Some of the anonymous staff who spoken to our reporter that an entity that is supposed to be responsible for harnessing Nigeria’s oil and gas reserves for sustainable national development has now banded as Northern Nigeria Petroleum Company.
They claimed that out of the eight members of the Senior Management Team, Six are Northerners, while there are only two members from the Southern Nigeria, One from South South and the other from the South West while there are no member from the South East, despite that the Board Chairman Mrs. Okadigbo and One Henry Obi who hailed from the South East are on the Board of the NNPC.
It revealed that Strategic Business Units (SBUS) are heavily manned by the Northerners for example TRADING, NAPIMS, NPDC, NRL and most of the assets (OMRS) in NPDC are managed by the Northerners.
They said that the corruption, injustice and unfairness are reeking up to high heavens as Nue Oil Energy Ltd a company registered on March 9th, 2022 with a share of One Million bought 100 percent shares in OVH Energy Marketing Ltd and ASPM Ltd from OVH Energy BV, a joint Venture between Vitol and Helios in September 2022.

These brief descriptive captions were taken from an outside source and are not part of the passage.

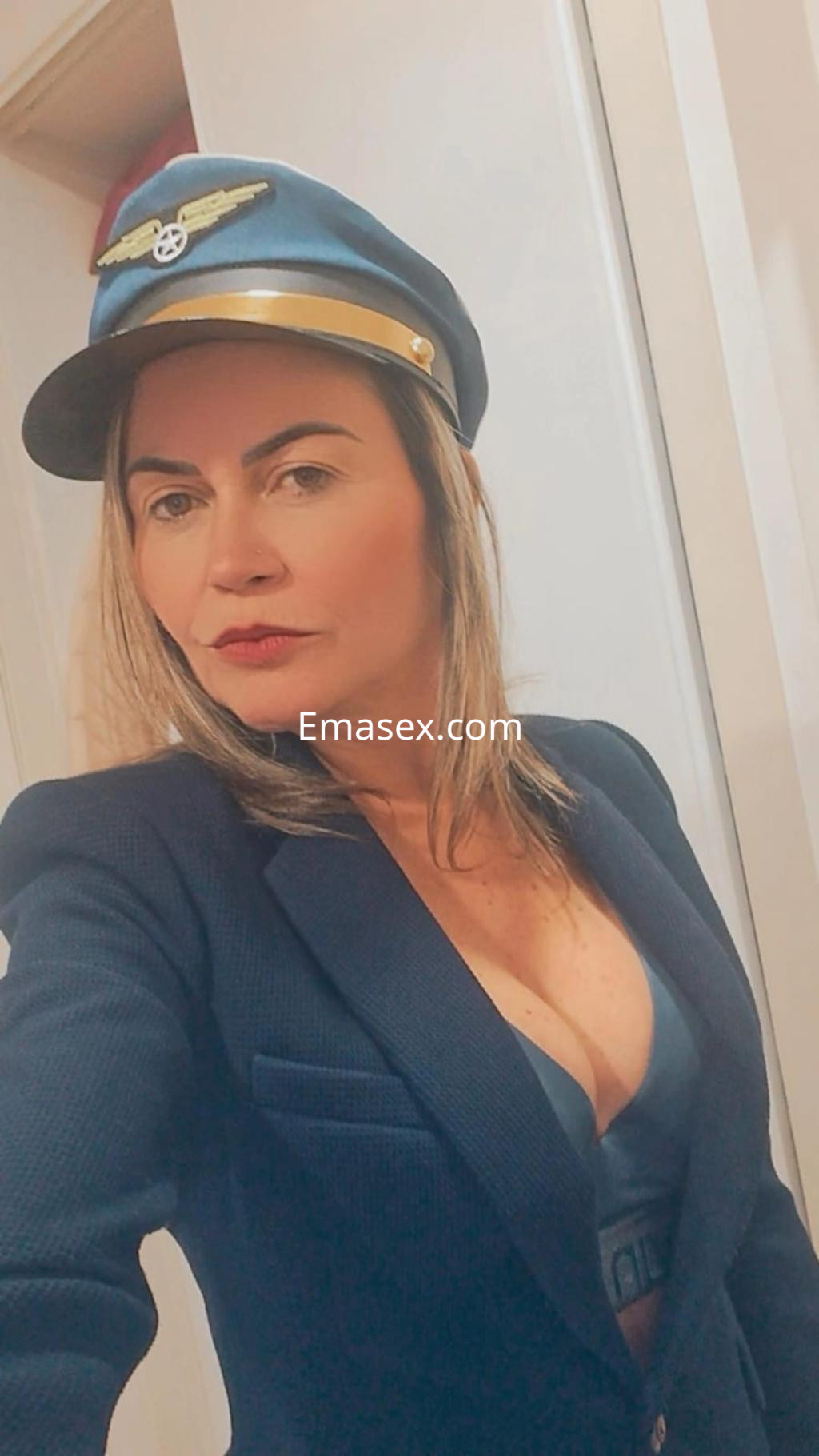 Escort en Santiago con cabello largo y rubio, vistiendo un traje de piloto y gorra, posando con actitud.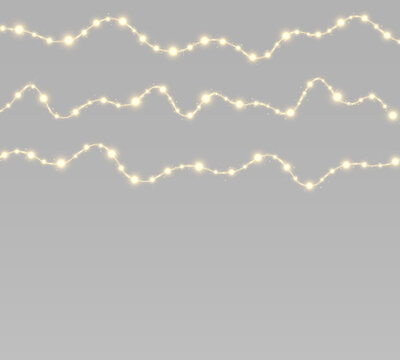Festive garland with glowing lights, sparkling lamps for New Year decoration.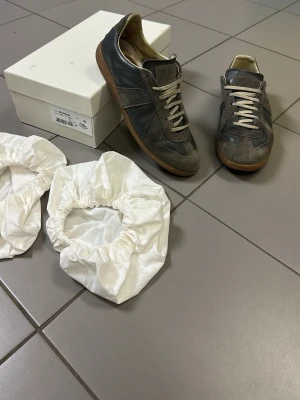 Maison Margiela gats - Maison Margiela sneakers i grå mocka och skinn med vit snörning och gummisula. Klassisk low-top siluett med rund tå och diskret branding på sulan. Tillverkade i Italien, stilrena och passar perfekt till streetwear eller casual outfits sista bilderna är tydliga och du som köper ser hur de ser utt. Mitt pris 2399kr !ej hugget i sten 🪨!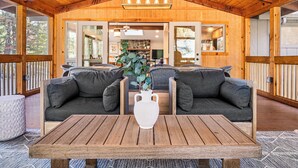 Eine Holzterrasse mit Tisch, zwei Sofas, einer weißen Vase und einer Holzbeschichtung an der Decke.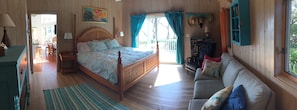 The master bedroom with a beautiful king bed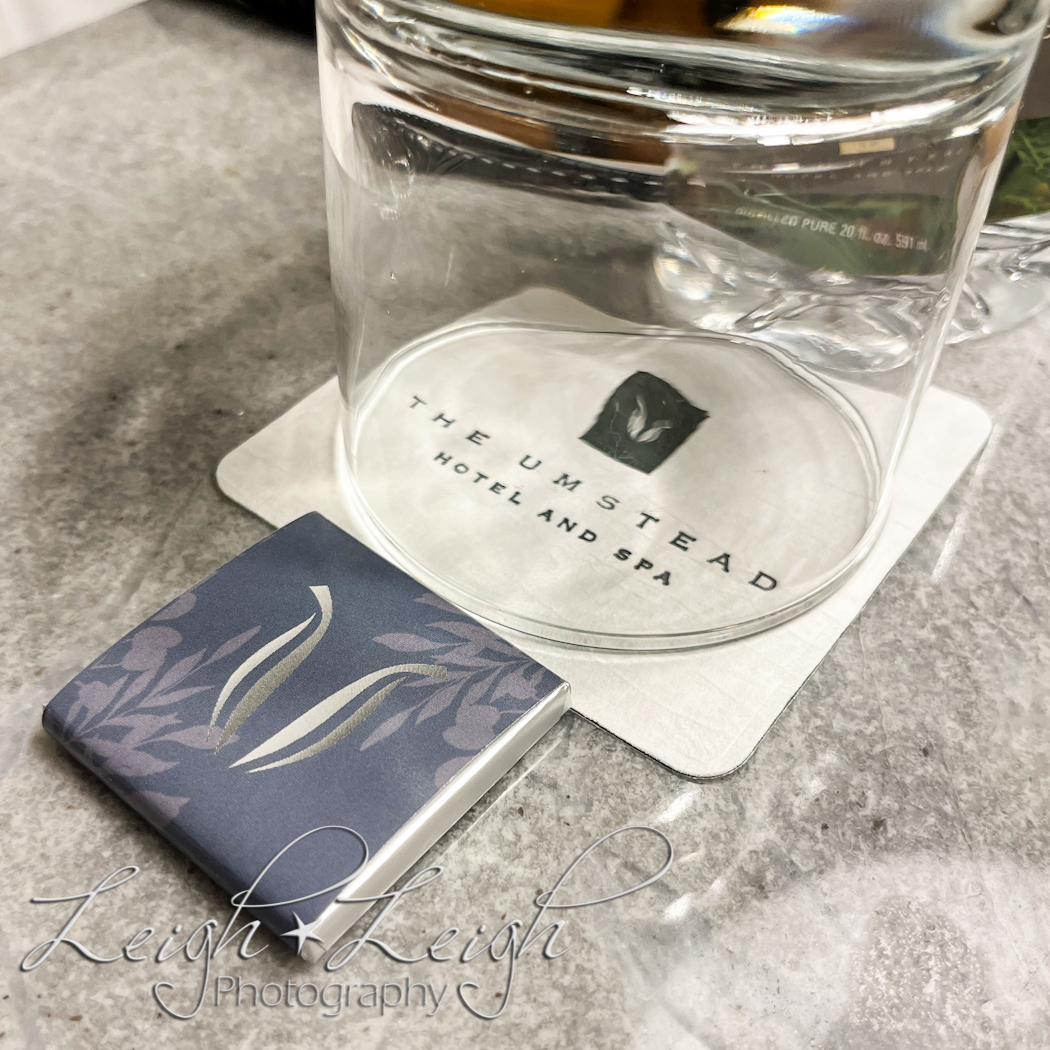 glass on nightstand with chocolate for turndown service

They also added that although very painful, the acquisition cost was not stated in the filing at the Nigeria Stock Exchange (NSE).
The Staff of NNPC Ltd are largely pained that in the same September 2022 NNPC Ltd acquired the assets from Nue Oil a company with two Directors-Dagazau Mumuni, Chief Operating Officer, OVH and Shanono Sharif Zailani, River Brand Energy Ltd as stated in the Corporate Affairs Commission (CAC) document of the company (NUE OIL ENERGY) with reckless impunity.
The GECO had directed the management of OVH to take over the management of NNPC Retail Ltd while Dagazau Mumuni, COO, OVH and Director in the NUE OIL ENERGY was appointed as Special Adviser Downstream to the GECO, NNPC LTD when there is EVP, Downstream NNPC Ltd.
The GECO in the last one year has carried out illegal recruitment of staff into the NNPC LTD, while the NNPC Retail Ltd Staff have been excluded in the implementation of the PIA as it relates to transfer of staff to NNPC LTD as the GECO ensures that his cronies are appointed to be at the head of affairs at the Nigerian Upstream Petroleum Regulatory Commission (NUPRC) and the Midstream Downstream Petroleum Regulations Authority (NMDPRA).
The Staff of NNPC Ltd are not pleasant with the appointment of Mr. Huub Stokman, a white man as the Management Director (MD) NNPC Retail Ltd, whereas they are Nigerians with more cognate industry experience, competency and capacity in the Downstream Sector of the Nigerian Oil and Gas Industry.
Available information from the CAC on the NNPC Retail Status shows that Stokman is not a Director in NNPC Retail Ltd since he does not have a valid work permit from the Nigerian Immigration Services (NIS).
The Staff were disappointed that Stokman and his Management Team OVH in 2021 recorded a huge loss of over four billion naira only, with a 5% market share and expenses of over twenty-five (25) billion naira only for 2021-2022.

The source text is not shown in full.